当社も参画している豊川宝飯地域農業研究・普及協議会がこのたび愛知県の補助事業の採択を受けました。これは、地域全体となってリサイクルを推進する仕組みに対して施設整備の補助を行うというものです。今回の補助採択を受けて、当社も一部施設の整備を行うことになりました。先の話で設備の減価償却費用の割合が高いわけですので、当然その設備投資に関して補助が出れば損益分岐点がぐっと下がる・・はずなのですが計算を色々してみると大して儲からないのがあな不思議なところです。

結局、食品リサイクルは注目を集めていますし、これから必要とされる事業ですが、そんなに儲かる仕事ではありません。お盆もずっと仕事していたら近所の人からすごく儲かっていると勘違いされるのが目下の悩みですねww

食品廃棄物の発生量

最近、すこし忙しい日々が続いています。去年までは殺人的スケジュールが続く日も多かったので、それに比べればまだまだ余裕はありますが、仕事が溜まっていくのは困りものですね・・。

 

先日、農林水産省で「食料・農業・農村政策審議会食品産業部会食品リサイクル小委員会(第1回)及び中央環境審議会廃棄物・リサイクル部会食品リサイクル専門委員会(第10回)合同会合(第1回)」なるものが開催されました。なんだかみょーに長い会議ですが、要するに農水省と環境省が合同で行った食品リサイクルに関する審議会の委員会と言うわけです。

 

この委員会では主に食品リサイクル推進のための目標値の再設定が行われるのですが、そのために食品廃棄物の発生量についての調査の取りまとめが行われています。

平成19年に食品リサイクル法の改正が行われ、それから年間100トン以上の食品廃棄物を排出する事業者は農林水産省に食品廃棄物の排出量の報告を行うことが義務づけられました。

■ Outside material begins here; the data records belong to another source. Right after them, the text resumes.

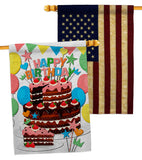 Birthday Wish - Party Celebration Special Occasion Vertical Impressions Decorative Flags HG120259 Made In USA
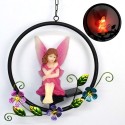 Solar Enamel Flower Fairy Iron Pendant Lamp Handicraft Garden Lawn Lamp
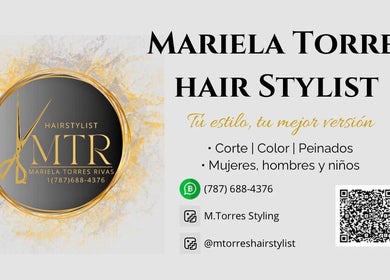 Tarjeta de presentación de Mariela Torres Hair Stylist en Dunamis Salón & SPA, San Juan, San Juan, PR.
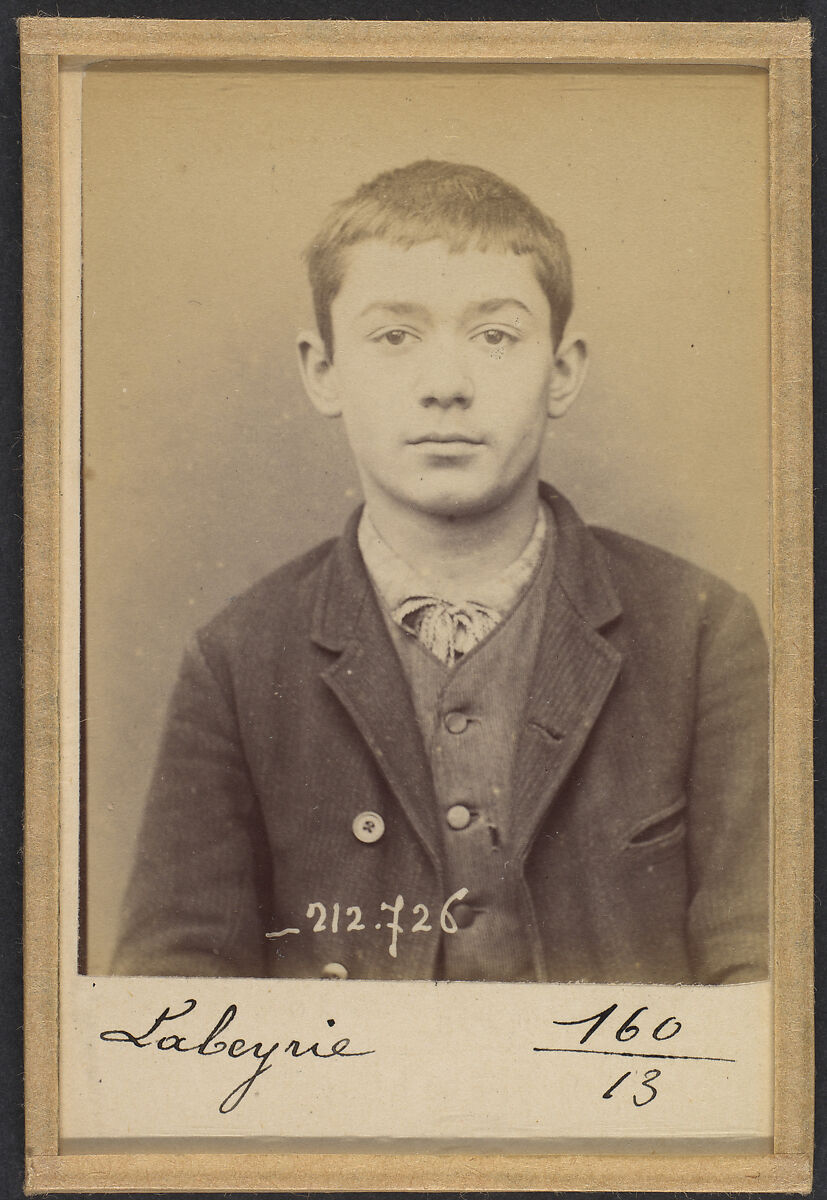 Labeyrie. Romain. 19 ans, né le 13/11/74 à Cauna (Landes). Sculpteur. Anarchiste. 10/1/94., Alphonse Bertillon (French, 1853–1914), Albumen silver print from glass negative 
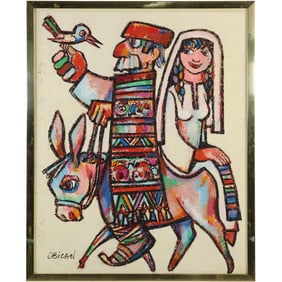 Jovan Obican (1918 - 1986) Croatia, France, Oil on Canvas Painting Man & Woman on Donkey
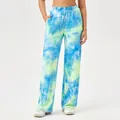 Stijlvolle blauw-groene tie-dye sportbroek voor dames met wijde pijpen en wafelmotief - Blauw Geel Wit Tie-dye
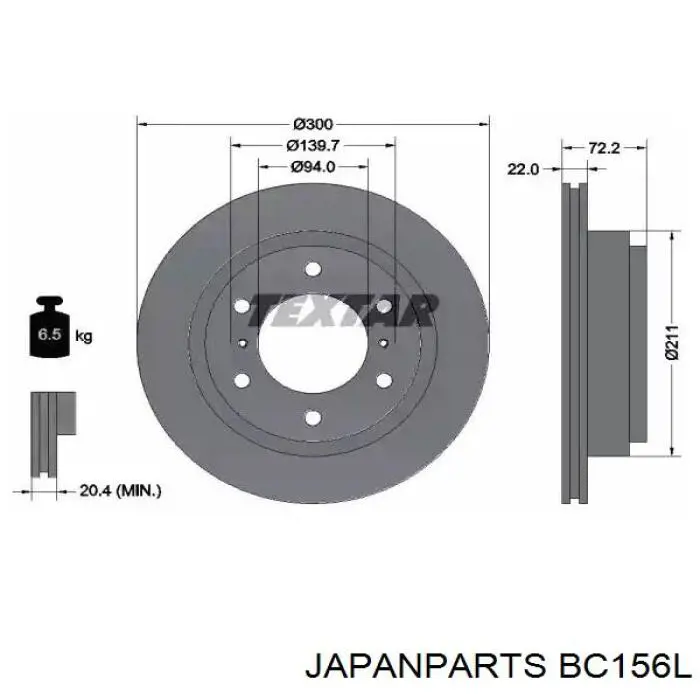 Трос ручного гальма задній, лівий BC156L Japan Parts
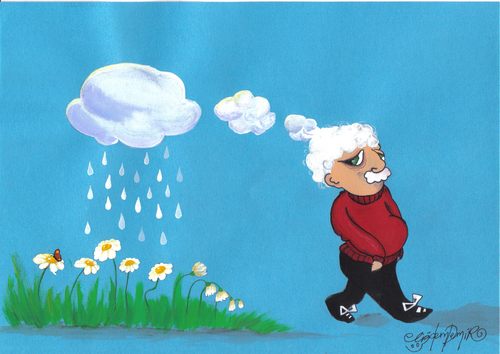 Cartoon: LIFE (medium) by CIGDEM DEMIR tagged life,death,flower,old,age,white,cloud,rain,wither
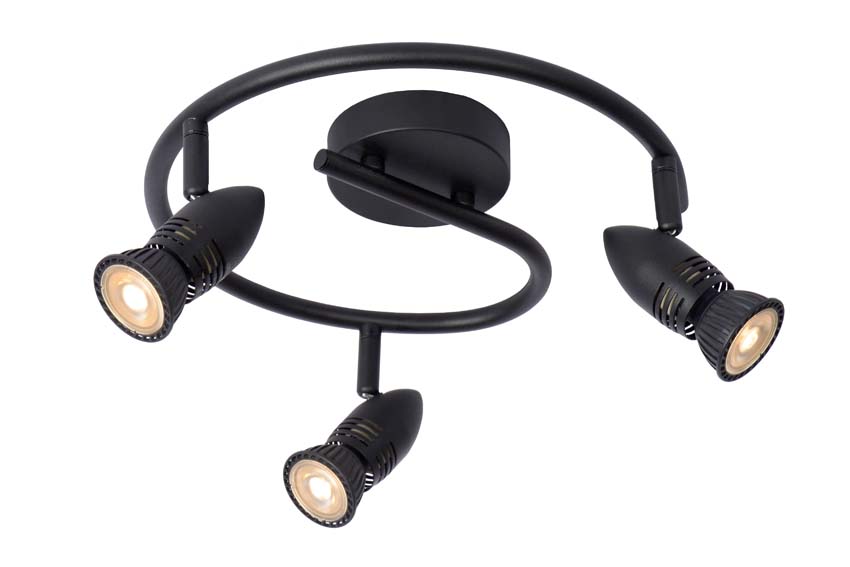 Plafondlamp - zwart - Ø31cm - 3xGU10 - 15W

その結果がとりまとめられて今回の委員会に初めて報告されました。

詳しくは上記リンクの資料を見て頂ければと思いますが、従来は年間1100万トン程度とされていた事業活動から発生する食品廃棄物が実は2200万トンもあることが判明しています。2倍、1000万トンの差は大きいですね。この差だけでも日本の年間トウモロコシ輸入量に匹敵し、米の生産量よりも多いわけですので。

会議の資料を見ると、いろいろと推計がずれていた訳が記載されてます。要するにサンプリング手法がよくなかったみたいです。自ら食品メーカーに営業を行っている立場としてみると、サンプリング調査には無理があります。食品廃棄物は同じ業種でも製造方法や営業形態によって大きく排出量が異なります。

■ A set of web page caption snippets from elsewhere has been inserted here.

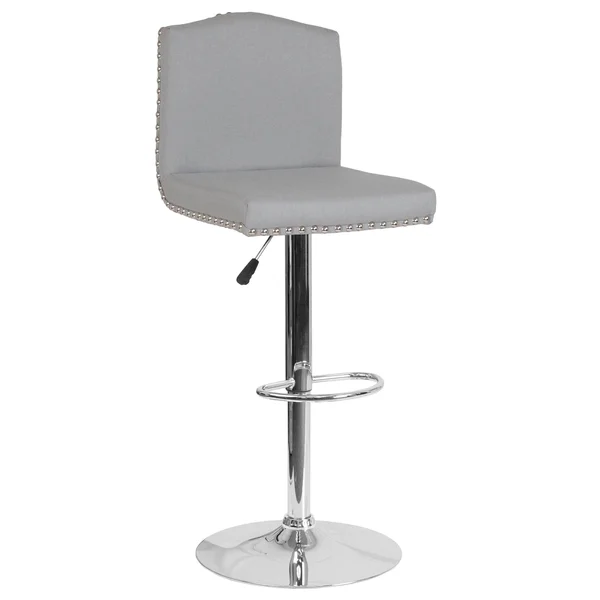Bellagio Contemporary Adjustable Height Barstool with Accent Nail TRIM - Light Gray Fabric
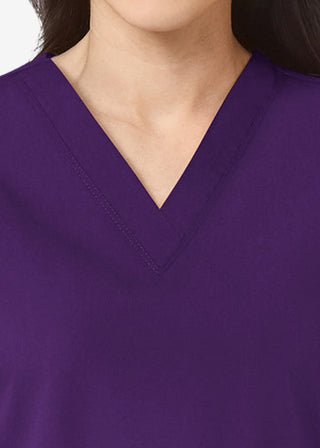 Maevn Red Panda Women's Two Pocket V-Neck Solid Scrub Top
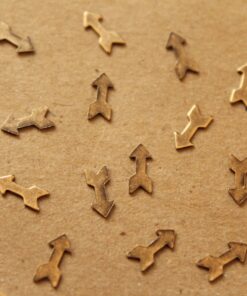 24 pc. Tiny Antique Brass Plated Arrows: 8mm by 3.9mm - made in USA | AB-031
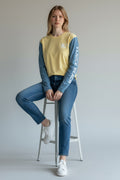 Venice Beach Long Sleeve Tee – Yellow / Marine Blue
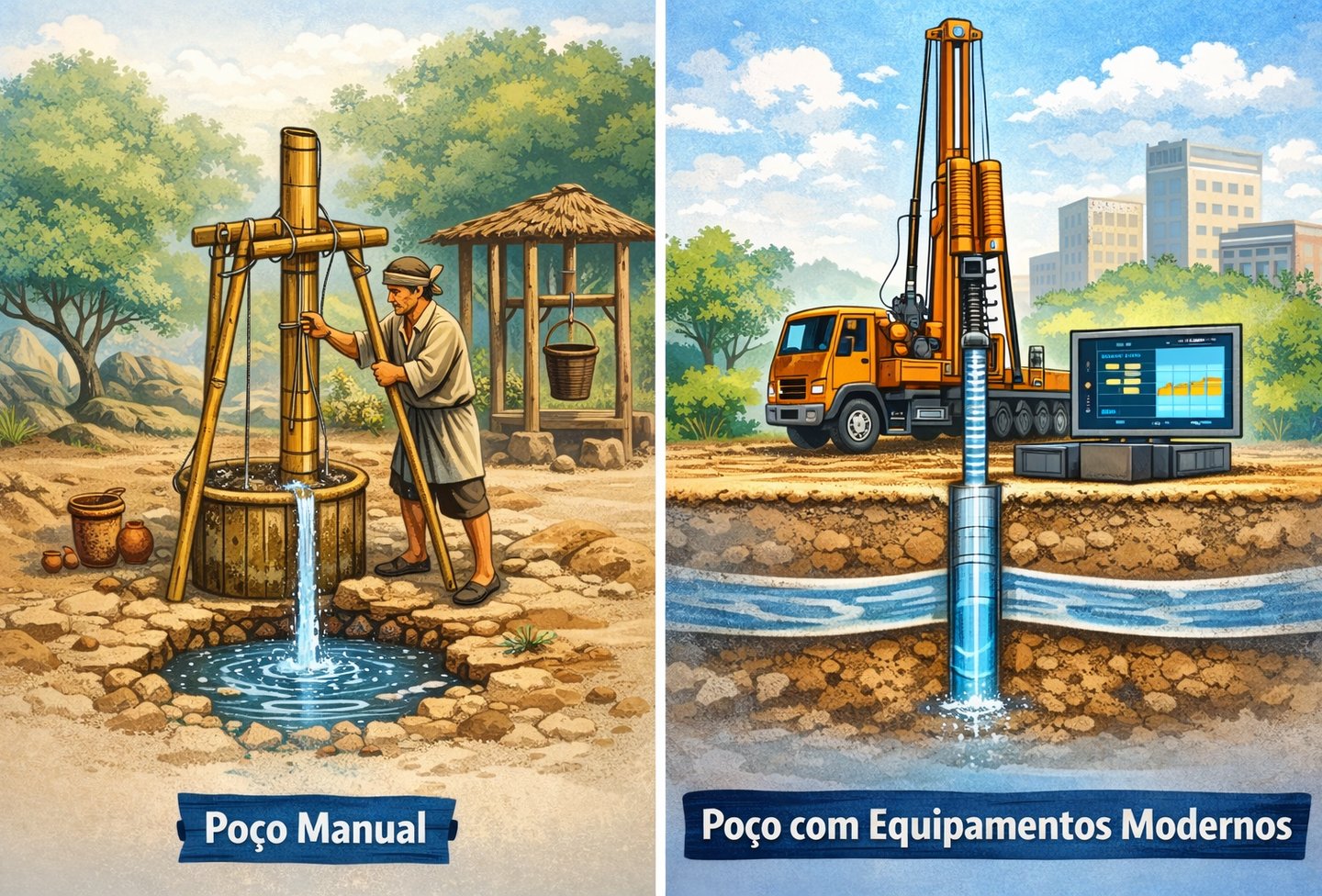 Perfuração nos primórdios da humanidade e perfurações tecnológicas de poços artesianos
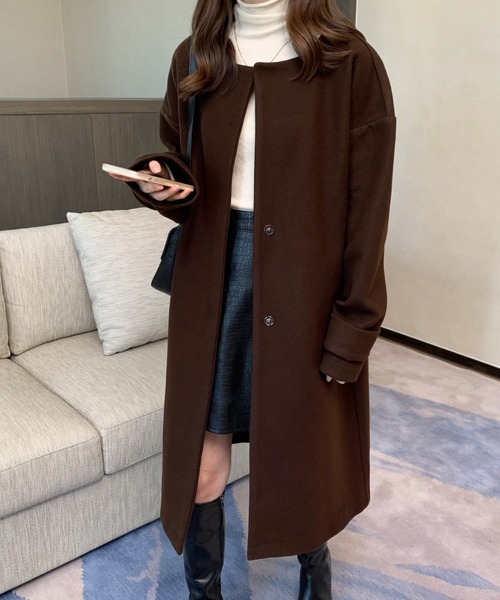 「ABITOKYO」 ノーカラーコート FREE ベージュ レディース_画像8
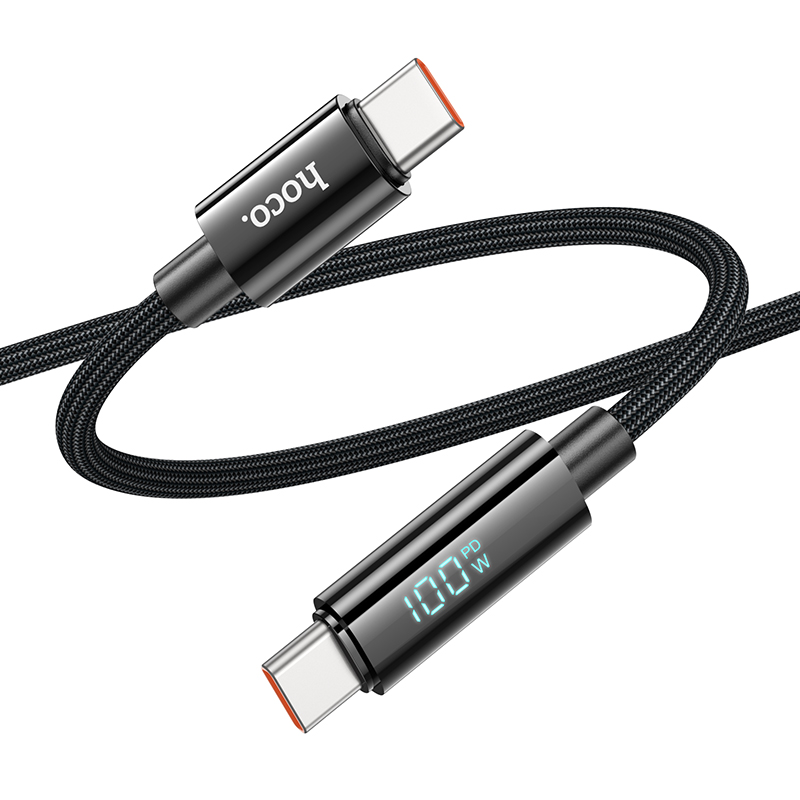 

Кабель Type-C на Type-C с дисплеем, HOCO, U125, 1.2м, 100W, черный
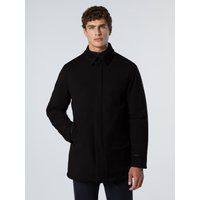 Moderner Trenchcoat aus schwarzer Wollmischung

ちなみに、今回の定期報告の分(つまり100トン以上あるとして報告があった分)だけでも1500万トンもあり、それだけで従来の推計値を大きく超過しています。ただ、私はこの数字もだいぶ怪しいと思います。

上場企業やそれに類する大企業ではちゃんと定期報告しているのですが、ハッキリ言って町工場レベルまで行くと「食品リサイクル法、なにそれ?」状態の人が大多数です。そんな人たちは当然報告なんてしませんし、町工場でもときどき驚くほど食品廃棄物の発生量が多いことがあります。カット野菜とか漬け物工場、豆腐屋さんなどでは年間1000トン以上の食品廃棄物が発生していることも珍しくありません。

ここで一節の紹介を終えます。